Figure dans l’église fortifiée de  Saint Juvin (08)

Menehould se distingua par sa bonté et son dévouement aux malades. On lui attribuait d’avoir, par ses prières écarté la ville des ravages des Huns d’Attila.

La réputation de la sainte était grande. Jehan de Saulx, seigneur de Cernon et sa femme ramenèrent en 1379 des reliques : un os du bras et une côte, déposés dans un reliquaire. Celui-ci fut détruit à la Révolution mais quelques ossements furent sauvés et déposés dans un nouveau reliquaire maintenant présenté dans l’église Saint-Charles.

Figure à  Sainte Menehould (51) dans  l’église du Château et à l’église Saint Charles

Oricle, disciple de St Nicaise, évêque de Reims et martyr, aurait été massacré par les Huns au Ve siècle, avec ses sœurs Oricule et Basilique. Selon la légende, le saint, décapité lava sa tête à une fontaine qui devint un lieu de pèlerinage et qu’on identifie aujourd’hui au lavoir du village de Senuc. Puis, sa tête entre les mains, il gagna le tombeau qu’il s’était d’avance préparé.

Figure dans les églises paroissiales de Clermont-en-Argonne (55), Senuc (08)

St Rouin, moine ermite est le fondateur de l’Abbaye de Beaulieu-en-Argonne au VIIe siècle.

Figure dans les églises paroissiales de Brizeaux (55), Lavoye (55), Les Charmontois (51)

Renouveau de l’Art Sacré

La création des vitraux est marquée par deux grandes tentatives antagonistes : celle de retrouver le style et les images d’avant-guerre et l’autre, de profiter de la reconstruction et de l’ampleur des chantiers, pour renouveler l’iconographie et utiliser d’autres techniques, d’autres langages artistiques. Parfois elles coexistent;

La reconstruction apporte un nouveau regard sur la conception des bâtiments comme des verrières qui les ornent. L’Eglise catholique, timidement d’abord, puis résolument, s’inscrit dans la modernité de son temps, en rupture avec l’architecture religieuse traditionnelle. Une même volonté se diffuse : émouvoir plutôt qu’instruire, proposer des lieux de culte simples et beaux, propices à la méditation, inviter à la spiritualité plutôt qu’offrir des images trop narratives, associer lumière et architecture. Les vitraux ont contribué grandement à rendre cette démarche sensible et accessible.

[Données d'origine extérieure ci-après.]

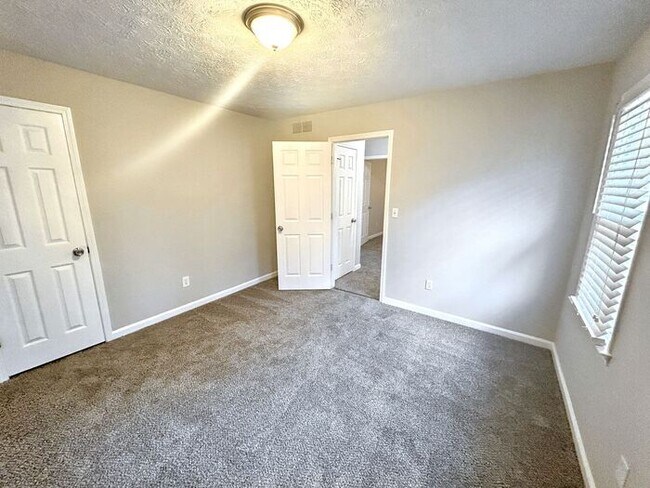 Foto del edificio - 3198 Village Glen Dr SW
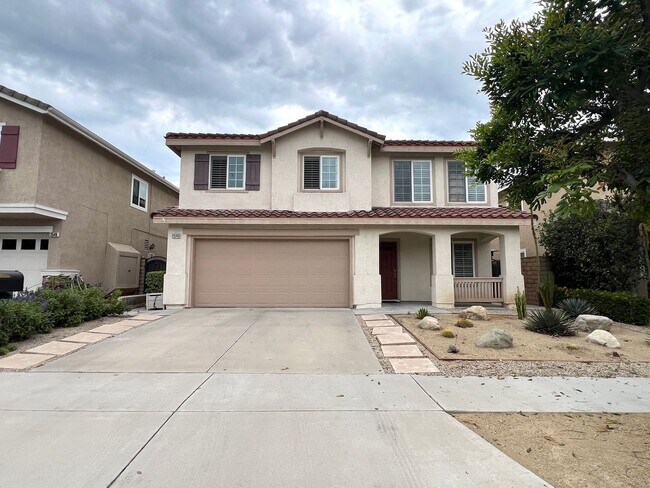 Building Photo - Tustin 3 bed 2.5 bath + office and bonus room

Une commission diocésaine d’Art sacré veille à ce que soient respectées les formes acceptées par la tradition chrétienne ainsi que les règles de l’art sacré. Les débats sur l’adaptation aux expressions artistiques modernes sont vifs entre ces commissions, l’Union nationale qui les réunit et les coopératives de reconstruction.

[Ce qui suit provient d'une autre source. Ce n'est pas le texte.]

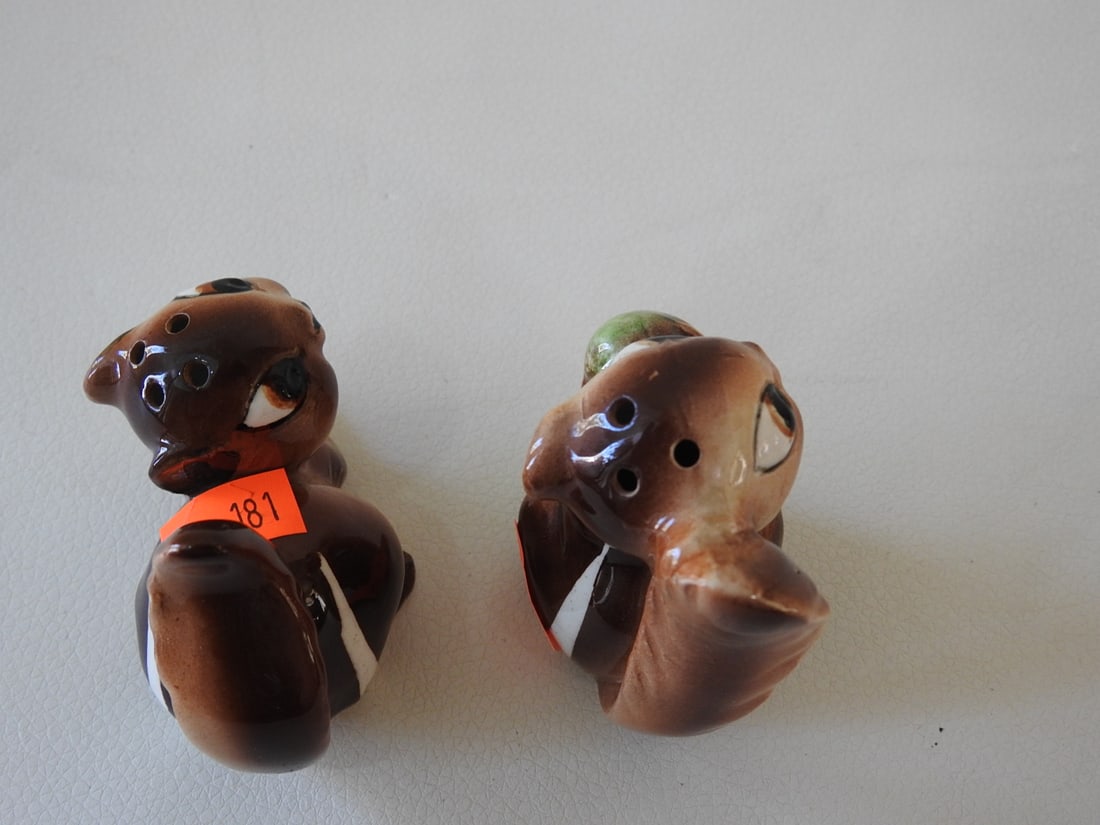 Vintage Victoria Ceramics Chipmunk Salt & Pepper Shakers - 5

« Après la guerre, les grands ateliers tournent à plein, reproduisant en de nombreux exemplaires des vitraux souvent médiocres illustrant une thématique à la mode de l’époque : Jeanne  d’Arc, le Sacré-Cœur, la Rédemption, la Résurrection« 

Michel Coistia, Jean Marie Lecomte, Les églises des reconstructions dans les Ardennes,le renouveau de l’Art sacré au XXème siècle, Ed Noires Terres, 2013

Les artistes engagés dans ce mouvement veulent rompre avec le néo-médiéval ou néo-classique dominant dans les constructions et les vitraux du 19e siècle. Ils veulent renouer avec l’authenticité, utiliser des matériaux bruts, sans fioritures. Ils utilisent moins la grisaille. Pour les vitraux ce sera le retour au verre teinté dans la masse dit « antique », l’utilisation de verres imprimés comme le verre cathédrale, un réseau dense de plomb, des créations originales pour chaque commande, un graphisme épuré, des fonds non figuratifs, des  inspirations plus symboliques…

Peintres et maîtres-verriers sont associés dans le processus de création qui porte ce renouveau du vitrail. Le plus souvent les peintres, formés aux Beaux-Arts, réalisent des cartons qu’ils font exécuter dans les ateliers verriers.

. Ils travaillent dans une même ambition artistique avec les architectes, sculpteurs, mosaïstes, ferronniers d’art et autres disciplines à l’oeuvre dans l’art sacré. Ainsi, à Ballay, l’atelier Simon, sur le thème des Litanies de la Vierge, a utilisé formes géométriques, stylisation des personnages, en cohérence avec l’architecture de l’église, son aménagement et sa décoration intérieure.